András Fejes

Personal information
- Born: 12 March 1946 Gyöngyös, Hungary
- Died: 15 April 2020 (aged 74)
- Education: Eötvös Loránd University
- Spouse: Éva Kriszten ​(m. 1976)​

Sport
- Country: Hungary
- Sport: Para-athletics Table tennis

Medal record
Representing Hungary
Para-athletics
Paralympic Games
| Bronze medal – third place | 1972 Heidelberg | Men's 60 metres wheelchair 1A |
Table tennis
European Championships
| Bronze medal – third place | 1971 Vienna | Singles |
| Gold medal – first place | 1971 Vienna | Doubles |

= András Fejes (athlete) =

Hungarian paralympic athlete and table tennis player

András Fejes (12 March 1946 – 15 April 2020) was a Hungarian paralympic athlete and table tennis player. He competed at the 1972 Summer Paralympics.

== Life and career ==
Fejes was born in Gyöngyös.

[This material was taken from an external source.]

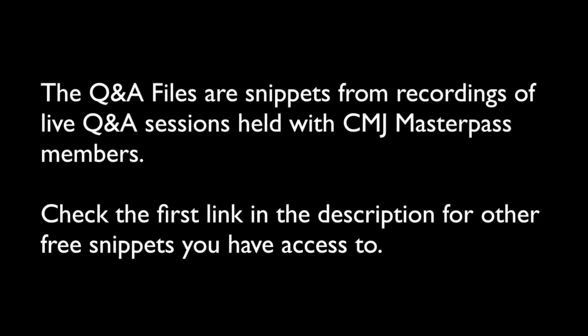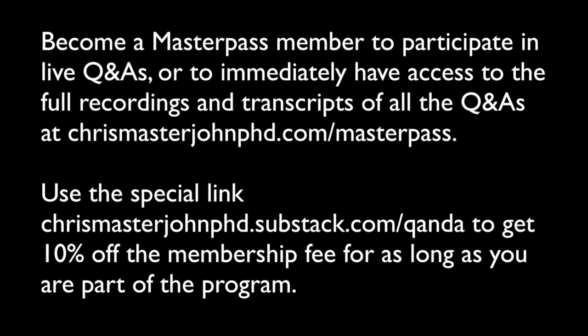This is a clip from a live Q&A session open to CMJ Masterpass members. In addition to this episode, you can access lots of other free samples from these sessions at the first link in the description. If you want to become a Masterpass member so that you can participate in the next live Q&A, or have access to the complete recording and transcript of each Q&A session, you can join at chrismasterjohnphd.com/masterpass. You can save 10% off the subscription price for as long as you remain a member by signing up at chrismasterjohnphd.substack.com/QandA.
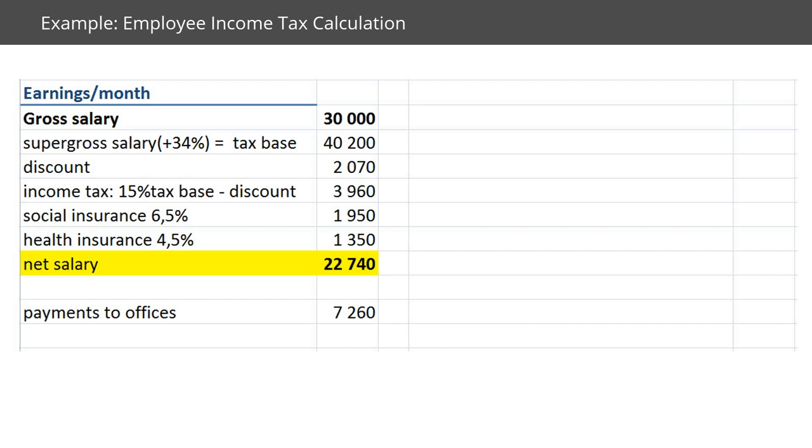For an employment example: if you earn 30,000 Czech crowns every month, we add 34% to get a super-gross tax base of 40,200. Then we apply the general discount of 2,000 to calculate income tax. Additionally, you pay social insurance at 6.5% and health insurance at 4.5% from your side, resulting in a net salary of 22,740 Czech crowns. The remaining amounts go to the respective institutions.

He was a clinical psychologist.

Fejes competed at the 1971 European Para Table Tennis Championships, winning the gold and bronze medal in two events. He also competed at the 1972 Summer Paralympics, winning the bronze medal in the men's 60 metres wheelchair 1A event.

Fejes died on 15 April 2020, at the age of 74.